I was a typical teenager wanting to be accepted. I was never obese but I was certainly not healthy. I knew that I had to do something to stop that horrible cycle.
Having being a kid who always did some kind of sports (tennis and swimming mostly, never great, but always trying), it was not hard for me to get back into exercise as a way to help me lose weight. My mom agreed on paying private swim lessons and that turned into some kind of personal training sessions in the water, I was 19 at that time and starting my first year in college. (Secret #2 is that I took one year off right after I finished high school to figure out what I wanted to do with my life, so yes, I started college at 19).
Exercise became more than a weight loss journey or a hobby, it became my outlet, my newly acquired addiction.
Although I did not choose a fitness career, I think just because I had no idea that was an option, I went off to college knowing that if I wanted to stay healthy I had to continue doing some kind of exercise.

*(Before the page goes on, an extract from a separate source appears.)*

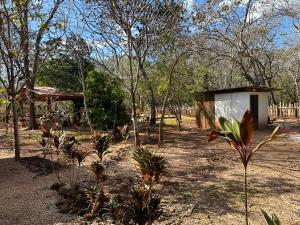 un jardin avec un petit bâtiment et des arbres dans l'établissement Finca Avellanas, à Playa Avellana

Looking good or being skinny was no longer my goal, healthy living was starting to be my mantra.
Secret #3. I was never consistent with exercise, I worked out for 2 months and then finals came and I gave up my routine for another 2 months until I found out that ugly feeling, the lack of energy, the weak muscles… I went back to the gym for 3 months until something else came up and I had to stop again… I could never find the motivation to keep on going, even though I knew that I needed the exercise to feel good, life was always on the way.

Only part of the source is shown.